Antes era visto de forma muito negativa pelas empresas uma mulher dizer que prefere trabalhar em casa porque assim reduziria o tempo de deslocamento entre casa e trabalho para passar mais tempo com a família. Apesar de existirem algumas organizações que afirmavam adotar essa política, as profissionais ficavam com vergonha de falar que tinham interesse nessa forma de trabalho porque passariam a ser olhadas de forma pejorativa.

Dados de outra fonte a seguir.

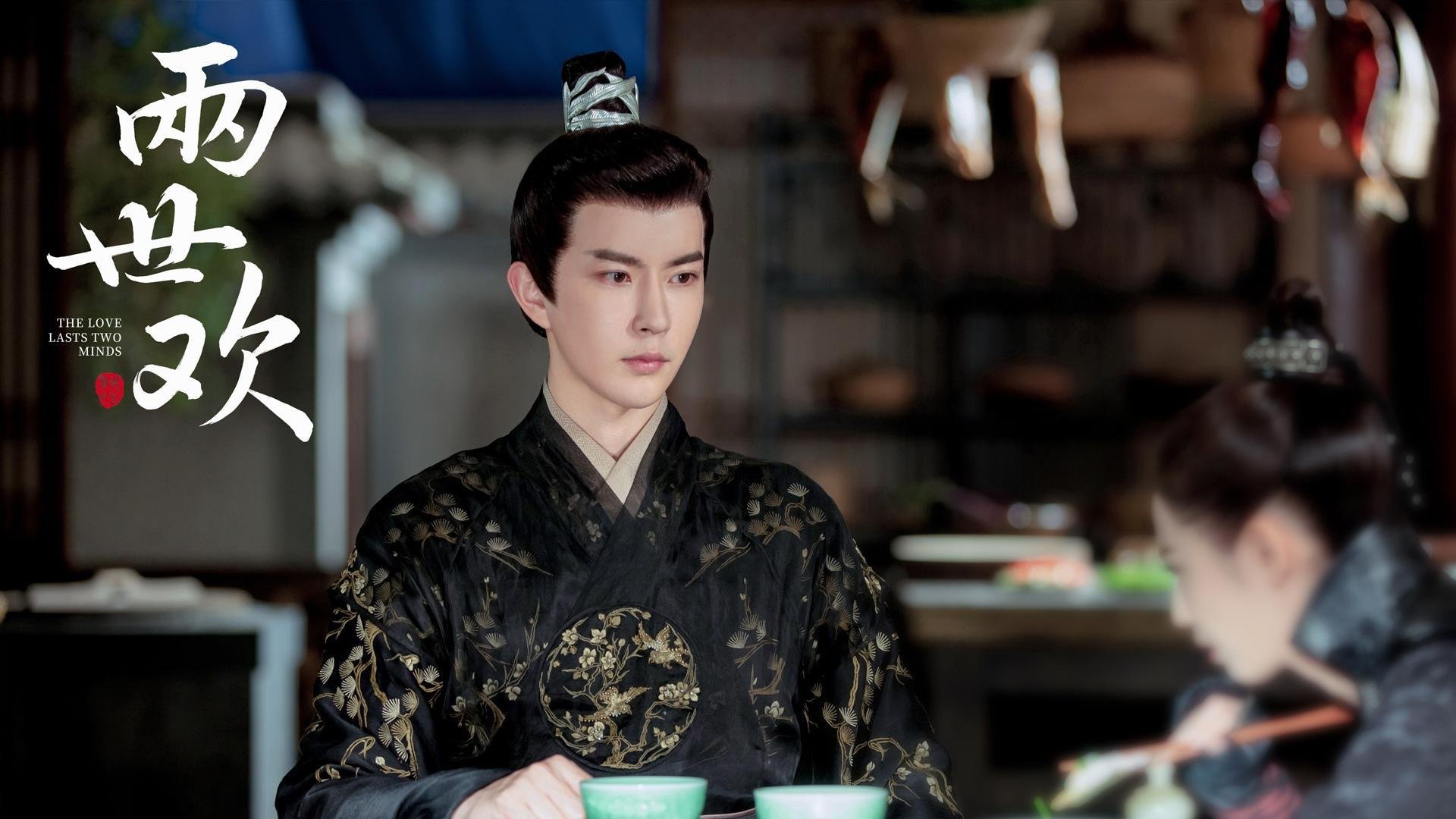 比赛转播权市场竞争加剧，赛事转播权的概念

Por fim, além da flexibilidade de horário e dos programas e compromissos citados, podemos citar como exemplo de ação a favor da família a presença de creches no ambiente de trabalho ou próximo dele, no caso de as empresas serem grandes. Inclusive as próprias empresas podem ajudar na filiação a essas instituições.
Você acredita que uma mulher que decide ter um filho e por isso tem que se afastar por um tempo da empresa é preterida no caso de promoções ou indicações para um cargo?
Eu acredito que sim. Não ocorre sempre, mas já vi bastante isso acontecendo no setor privado e público.
Primeiro que não é fácil. Nos primeiros meses de gravidez, você se sente menos produtiva porque está enjoada, cansada e obviamente nem todos os dias irá produzir igual ao seu colega homem que tem uma mulher em casa cuidando de tudo.
Depois que o filho nasce, ficamos mais oito meses ou um ano amamentando e esse é um momento muito delicado porque fisicamente ele demanda bastante. As pessoas nos veem com menos energia, mas isso não quer dizer que não vamos conseguir fazer determinada tarefa. É injusto porque às vezes nós acabamos nos dedicando mais e ainda assim acabamos sendo preteridas porque algum grupo de homens entendeu que você está focando muito na família ou que está produzindo 80% ao invés de 100%. Já vi bastante esse tipo de situação.
Acho que isso está melhorando e os próprios homens estão desempenhando um papel maior dentro do lar. Na minha casa, eu e meu marido dividimos todas as tarefas, não existe diferenciação. As mulheres que conseguem ter sucesso normalmente têm muita ajuda profissional, da família, do marido e é difícil se você não tem essa rede de suporte.
Você poderia citar exemplos de ações que a IFC adota para reduzir a desigualdade de gênero?
Como parte do Banco Mundial, nós tentamos implementar tudo que é melhor. Temos muitas políticas de diversidade, flexibilidade de horários, mas o que eu noto agora com o novo coronavírus é que ficou muito mais claro que é possível trabalhar de forma remota e com qualidade.
Na IFC, além do trabalho a distância, temos uma licença-maternidade de 70 dias uteis, uma sala para amamentar e tirar leite e a possibilidade de trabalhar meio período. Claro que dessa forma a pessoa é paga proporcionalmente, mas a possibilidade existe e é possível tirar uma licença adicional não paga.
Algumas empresas não conseguem fazer isso por serem menores e precisarem daquele recurso disponível. Cada uma deve avaliar o que é importante para manter uma dinâmica empresarial ao mesmo tempo em que oferece oportunidades para atrair talentos.